The slice sampler does not "sample from the log-density". It can, however, use the log density in the calculations to obtain a dependent sequence of observations from the density.
The basic idea of a slice sampler is in terms of the density itself, but for various reasons (computational accuracy, primarily) it's usually more convenient to work with the log-density.
As long as you use do everything in such a way as to be completely consistent with doing it in terms of the density, there's no problem whatever working with the log density.
The description for the univariate case in wikipedia here says:
- Given a sample $x$ we choose $y$ uniformly at random from the interval $[0, f(x)]$;
- given $y$ we choose $x$ uniformly at random from the set $f^{-1}[y, +\infty)$.

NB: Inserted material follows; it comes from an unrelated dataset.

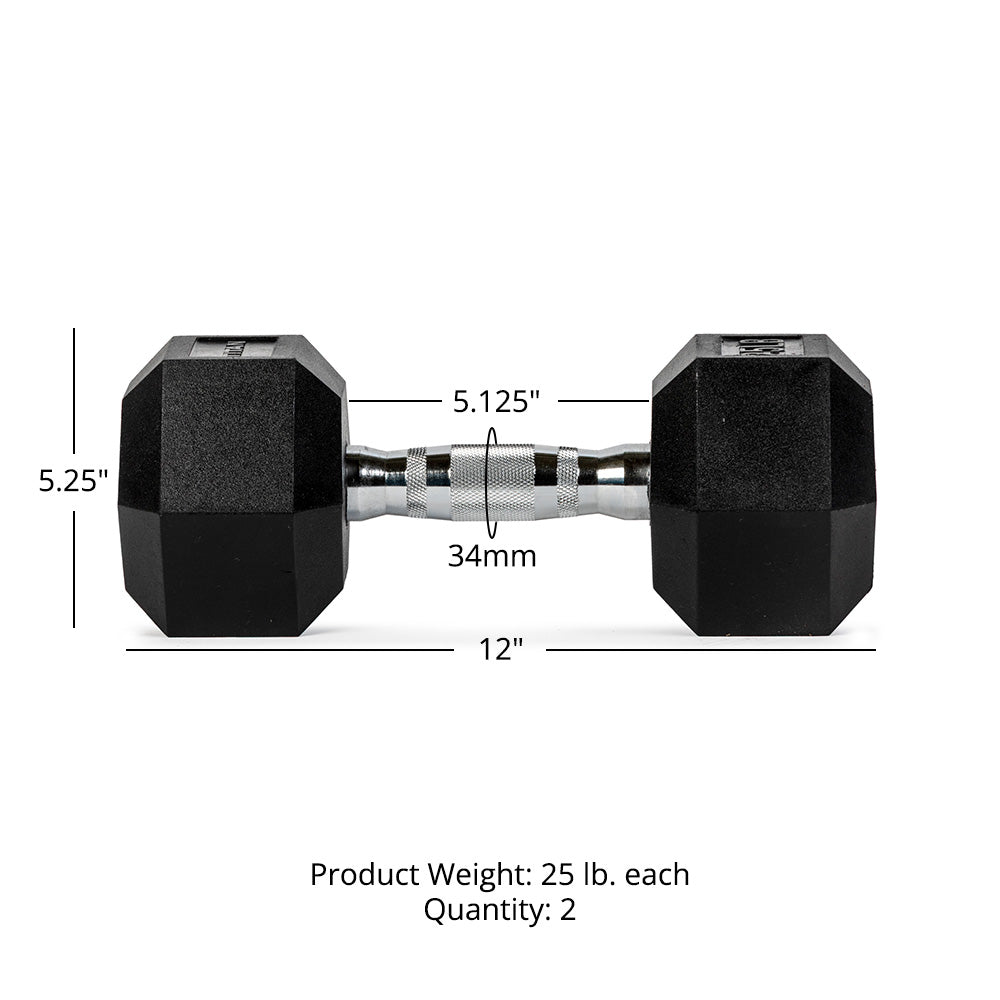25 LB Rubber Hex Dumbbells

- The sample of $x$ is obtained by ignoring the $y$ values.
That first step can for example be replaced by sampling from a negative exponential distribution in $-\log y$ where the lower bound of the exponential is at $-\log(f(x))$; the rest of the algorithm (with the obvious change to accommodate the fact that we have a log scale $y$) proceeds much as before. The result is exactly as if we had accurately sampled according to the original algorithm, which is cast in terms of sampling uniformly under the density itself at $x$ ... but in practice the calculation on the log-scale does that job "better"- with less accuracy loss.
Neal explains the motivation for this quite clearly in the Annals paper you included a reference for (p712):
In practice, it is often safer to compute
$g(x)=\log(f(x))$ rather than $f(x)$ itself, in order to avoid possible problems with floating-point underflow. One can
then use the auxiliary variable
$z=\log(y)=g(x_0)−e$, where
$e$ is exponentially distributed with mean one, and define the slice by $S={x:z<g(x)}$.